WLLE
- Mayfield, Kentucky; United States;
- Broadcast area: Paducah, Kentucky
- Frequency: 102.1 MHz
- Branding: Willie 102.1

Programming
- Format: Classic country

Ownership
- Owner: Bristol Broadcasting Company, Inc.
- Sister stations: WBMP, WDDJ, WDXR, WKYQ, WKYX-FM, WNGO, WPAD, WZYK

History
- Former call signs: WCBF (1997–2002) WYKL (2002–2003) WKBG (2003–2004)
- Call sign meaning: "Willie"

Technical information
- Licensing authority: FCC
- Facility ID: 56556
- Class: C2
- ERP: 50,000 watts
- HAAT: 144 meters (472 ft)
- Transmitter coordinates: 36°45′57.80″N 88°38′49.80″W﻿ / ﻿36.7660556°N 88.6471667°W

Links
- Public license information: Public file; LMS;
- Website: willieradio.com

= WLLE =

WLLE (102.1 FM) is a radio station broadcasting a classic country format.
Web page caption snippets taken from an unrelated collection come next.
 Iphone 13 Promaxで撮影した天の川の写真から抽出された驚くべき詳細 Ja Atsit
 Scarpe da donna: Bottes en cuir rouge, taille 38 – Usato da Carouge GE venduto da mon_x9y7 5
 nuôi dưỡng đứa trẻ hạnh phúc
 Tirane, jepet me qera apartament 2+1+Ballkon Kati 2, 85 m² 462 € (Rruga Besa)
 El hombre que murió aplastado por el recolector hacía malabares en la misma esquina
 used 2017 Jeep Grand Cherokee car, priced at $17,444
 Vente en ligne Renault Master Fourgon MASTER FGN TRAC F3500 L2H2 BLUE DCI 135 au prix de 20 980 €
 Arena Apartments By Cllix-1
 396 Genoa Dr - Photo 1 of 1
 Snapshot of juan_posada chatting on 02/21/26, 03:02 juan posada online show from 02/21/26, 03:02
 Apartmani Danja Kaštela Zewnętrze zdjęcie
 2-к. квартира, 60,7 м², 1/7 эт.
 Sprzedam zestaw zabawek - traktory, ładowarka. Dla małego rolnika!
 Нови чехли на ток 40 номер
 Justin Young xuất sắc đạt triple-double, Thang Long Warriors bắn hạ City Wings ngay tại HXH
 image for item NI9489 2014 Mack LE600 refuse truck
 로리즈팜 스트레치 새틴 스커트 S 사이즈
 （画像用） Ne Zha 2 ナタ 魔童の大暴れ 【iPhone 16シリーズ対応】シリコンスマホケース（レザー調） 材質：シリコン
Licensed to Mayfield, Kentucky, United States, the station serves the Paducah area. The station is currently owned by Bristol Broadcasting Company, Inc.

==History==
The station was assigned call sign WCBF on April 18, 1997. On May 1, 2002, the station changed its call sign to WYKL; it became WKBG on May 12, 2003, and WLLE on June 14, 2004.